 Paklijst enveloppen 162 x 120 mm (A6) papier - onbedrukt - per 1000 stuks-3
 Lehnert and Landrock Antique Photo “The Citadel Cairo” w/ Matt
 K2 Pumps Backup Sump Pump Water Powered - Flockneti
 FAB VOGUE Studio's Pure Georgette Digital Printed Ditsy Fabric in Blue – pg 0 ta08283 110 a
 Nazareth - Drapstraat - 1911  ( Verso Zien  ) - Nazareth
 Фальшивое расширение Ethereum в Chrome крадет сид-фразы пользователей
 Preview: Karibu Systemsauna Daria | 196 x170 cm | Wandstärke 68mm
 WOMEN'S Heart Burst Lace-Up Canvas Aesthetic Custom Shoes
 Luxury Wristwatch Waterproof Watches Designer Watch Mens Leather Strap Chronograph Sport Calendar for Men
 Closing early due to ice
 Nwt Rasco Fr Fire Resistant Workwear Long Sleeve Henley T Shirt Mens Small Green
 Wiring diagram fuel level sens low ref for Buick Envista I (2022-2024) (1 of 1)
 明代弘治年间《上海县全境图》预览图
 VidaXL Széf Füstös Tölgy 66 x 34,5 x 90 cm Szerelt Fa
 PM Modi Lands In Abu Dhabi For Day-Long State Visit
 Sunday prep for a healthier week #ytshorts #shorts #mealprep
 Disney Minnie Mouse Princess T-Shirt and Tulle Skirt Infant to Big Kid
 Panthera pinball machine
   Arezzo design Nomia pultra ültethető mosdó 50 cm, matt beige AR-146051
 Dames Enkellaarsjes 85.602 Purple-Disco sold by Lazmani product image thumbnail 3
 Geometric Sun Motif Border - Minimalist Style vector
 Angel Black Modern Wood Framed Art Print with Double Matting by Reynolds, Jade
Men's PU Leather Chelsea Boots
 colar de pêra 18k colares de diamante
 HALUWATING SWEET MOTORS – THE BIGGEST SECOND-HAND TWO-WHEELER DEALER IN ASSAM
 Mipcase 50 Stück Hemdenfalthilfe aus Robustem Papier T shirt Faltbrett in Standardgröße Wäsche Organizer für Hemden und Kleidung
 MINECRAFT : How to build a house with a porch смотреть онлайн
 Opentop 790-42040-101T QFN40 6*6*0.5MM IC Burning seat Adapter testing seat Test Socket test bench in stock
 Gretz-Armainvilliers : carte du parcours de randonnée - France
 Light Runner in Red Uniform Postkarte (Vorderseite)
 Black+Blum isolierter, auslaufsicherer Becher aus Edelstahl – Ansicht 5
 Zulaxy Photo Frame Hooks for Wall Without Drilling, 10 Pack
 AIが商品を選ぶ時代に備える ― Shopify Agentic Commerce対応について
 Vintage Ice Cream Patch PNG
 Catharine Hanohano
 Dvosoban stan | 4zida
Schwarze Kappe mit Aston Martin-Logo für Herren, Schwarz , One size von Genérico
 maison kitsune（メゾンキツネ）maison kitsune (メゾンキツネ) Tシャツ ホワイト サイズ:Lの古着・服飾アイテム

AIM OF THE TASK
Please give back, exactly as it stands above, the stretch from the line with "Lehnert and Landrock" through the line with "Mipcase 50 Stück", and no line outside it.

EXPECTED ANSWER
 Lehnert and Landrock Antique Photo “The Citadel Cairo” w/ Matt
 K2 Pumps Backup Sump Pump Water Powered - Flockneti
 FAB VOGUE Studio's Pure Georgette Digital Printed Ditsy Fabric in Blue – pg 0 ta08283 110 a
 Nazareth - Drapstraat - 1911  ( Verso Zien  ) - Nazareth
 Фальшивое расширение Ethereum в Chrome крадет сид-фразы пользователей
 Preview: Karibu Systemsauna Daria | 196 x170 cm | Wandstärke 68mm
 WOMEN'S Heart Burst Lace-Up Canvas Aesthetic Custom Shoes
 Luxury Wristwatch Waterproof Watches Designer Watch Mens Leather Strap Chronograph Sport Calendar for Men
 Closing early due to ice
 Nwt Rasco Fr Fire Resistant Workwear Long Sleeve Henley T Shirt Mens Small Green
 Wiring diagram fuel level sens low ref for Buick Envista I (2022-2024) (1 of 1)
 明代弘治年间《上海县全境图》预览图
 VidaXL Széf Füstös Tölgy 66 x 34,5 x 90 cm Szerelt Fa
 PM Modi Lands In Abu Dhabi For Day-Long State Visit
 Sunday prep for a healthier week #ytshorts #shorts #mealprep
 Disney Minnie Mouse Princess T-Shirt and Tulle Skirt Infant to Big Kid
 Panthera pinball machine
   Arezzo design Nomia pultra ültethető mosdó 50 cm, matt beige AR-146051
 Dames Enkellaarsjes 85.602 Purple-Disco sold by Lazmani product image thumbnail 3
 Geometric Sun Motif Border - Minimalist Style vector
 Angel Black Modern Wood Framed Art Print with Double Matting by Reynolds, Jade
Men's PU Leather Chelsea Boots
 colar de pêra 18k colares de diamante
 HALUWATING SWEET MOTORS – THE BIGGEST SECOND-HAND TWO-WHEELER DEALER IN ASSAM
 Mipcase 50 Stück Hemdenfalthilfe aus Robustem Papier T shirt Faltbrett in Standardgröße Wäsche Organizer für Hemden und Kleidung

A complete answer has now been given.